- _How to complete this task_
Begin with the line holding "Certified 2025 Ford" and end with the last line of the records below. Set down exactly those lines and leave out every picture.

(Crawled caption data)
★ ★ ★ ★

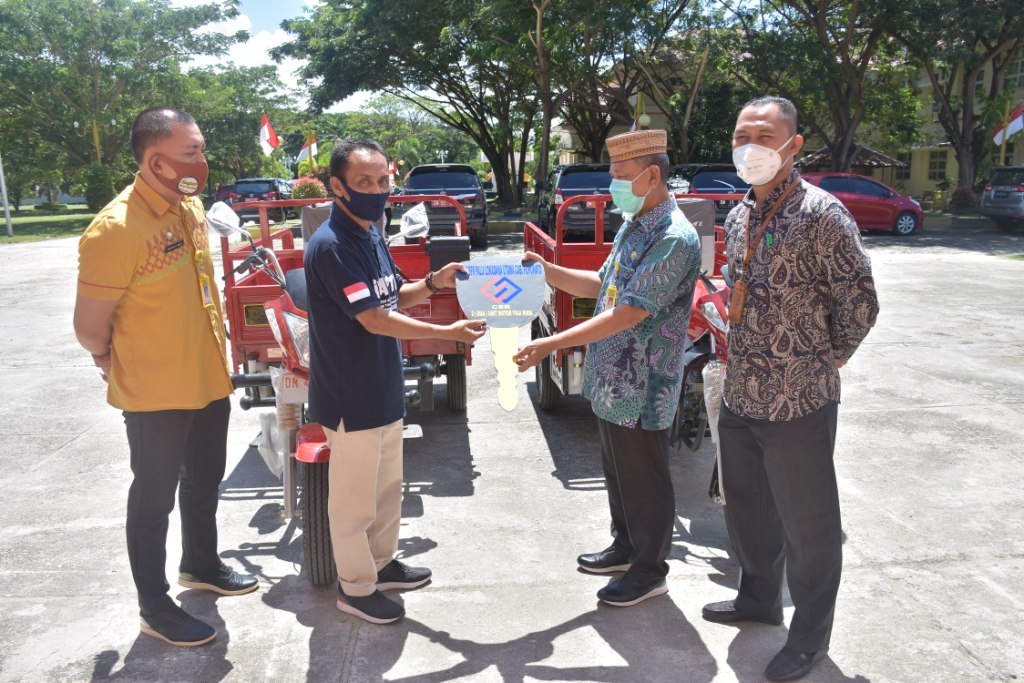 Pemerintah Kabupaten Pohuwato saat menerima bantuan angkutan sampah dari Bank Perkreditan Rakyat (BPR) Palu Lokadana, Kamis (13/08).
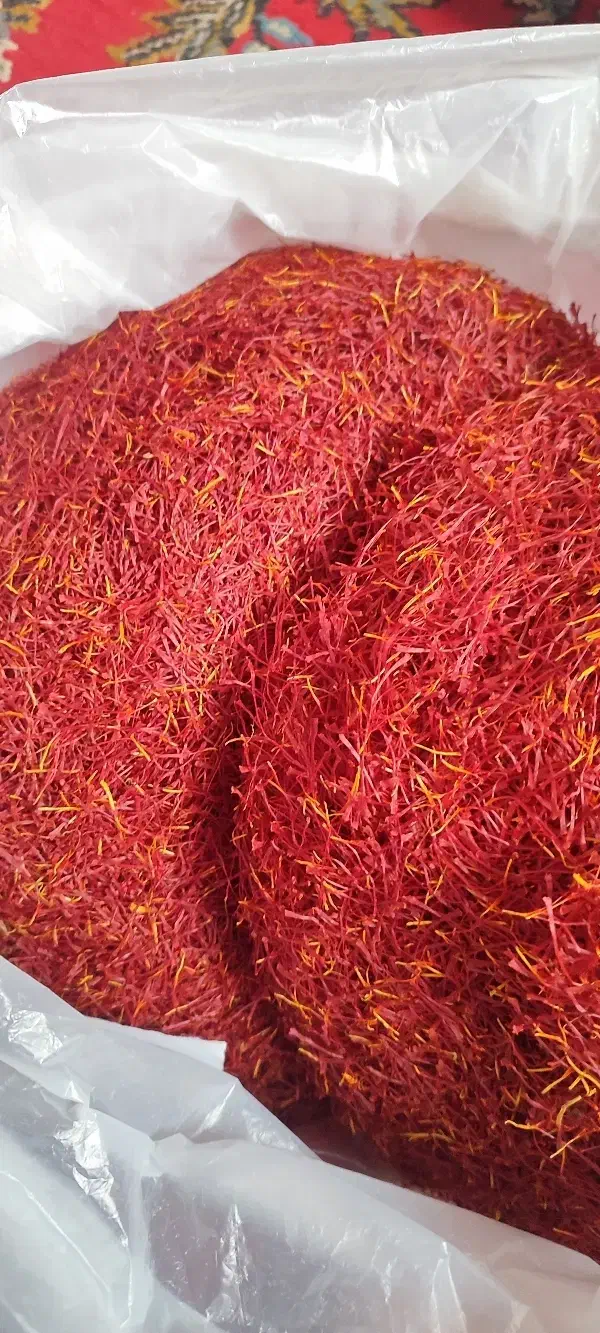 زعفران  بدون واسطه از کشاورز|خوردنی و آشامیدنی|رشت, منظریه|دیوار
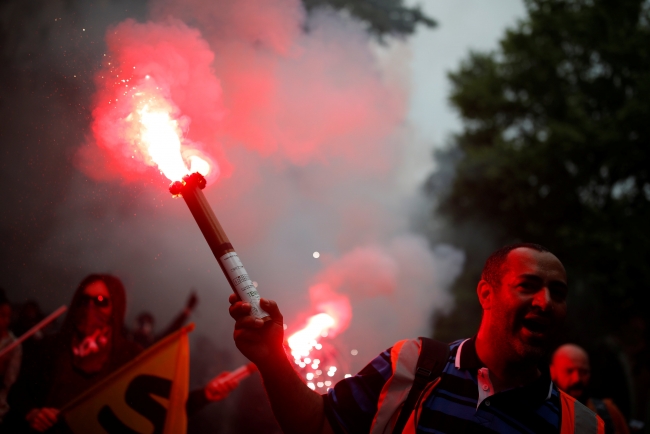 Fransa'da protestoculara sert müdahale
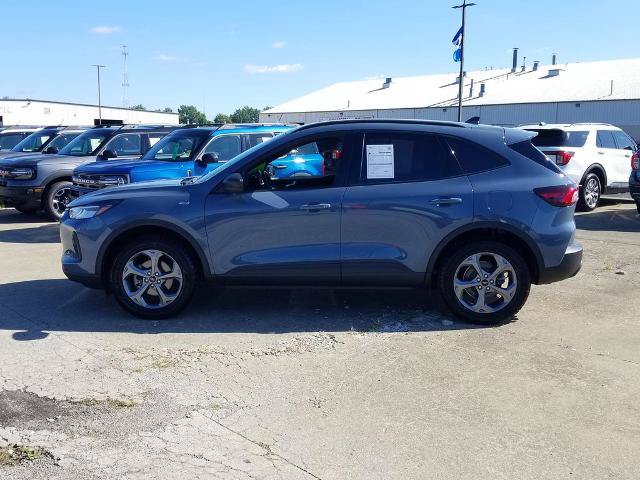 Certified 2025 Ford Escape ST-Line AWD/4WD image 6
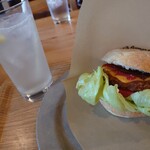 サムアンドプル - 料理写真:レモンスカッシュ＆チーズバーガー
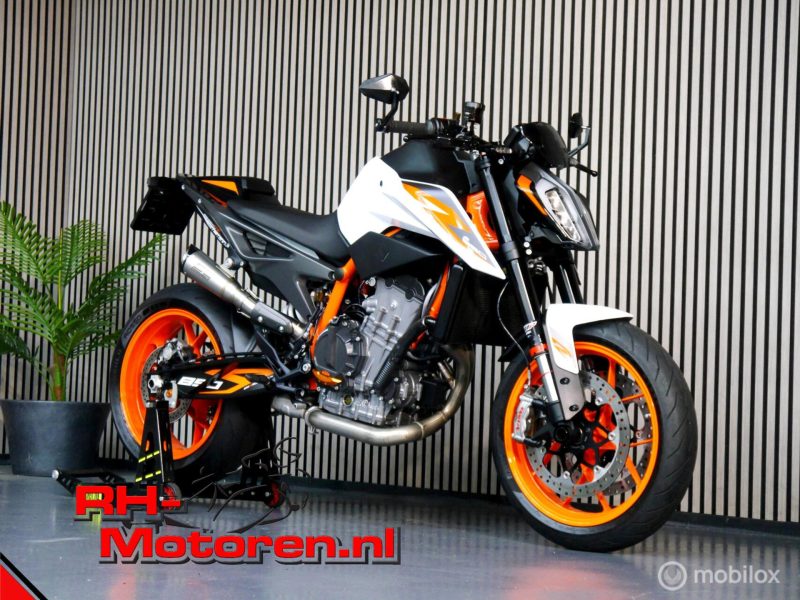 KTM 890 Duke R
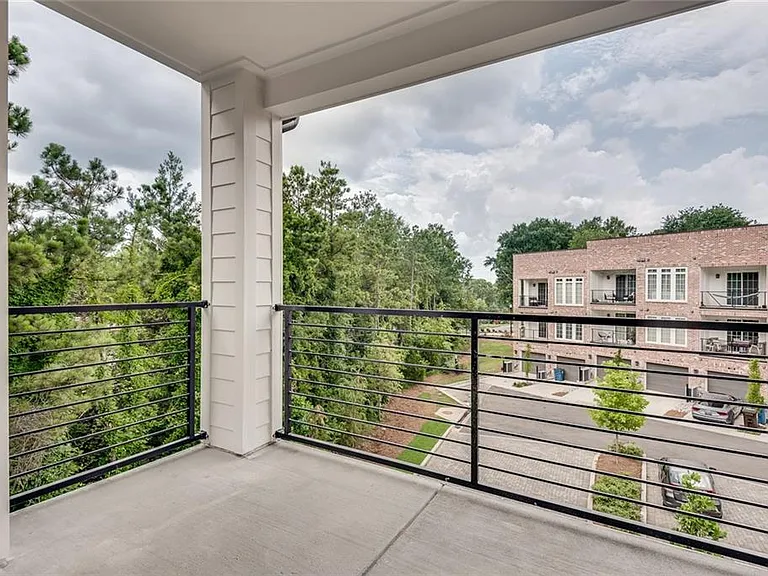 513 Burton Dr #808 — Photo 8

★ ★ ★ ★

- _Answer_
 Certified 2025 Ford Escape ST-Line AWD/4WD image 6
 サムアンドプル - 料理写真:レモンスカッシュ＆チーズバーガー
 KTM 890 Duke R
 513 Burton Dr #808 — Photo 8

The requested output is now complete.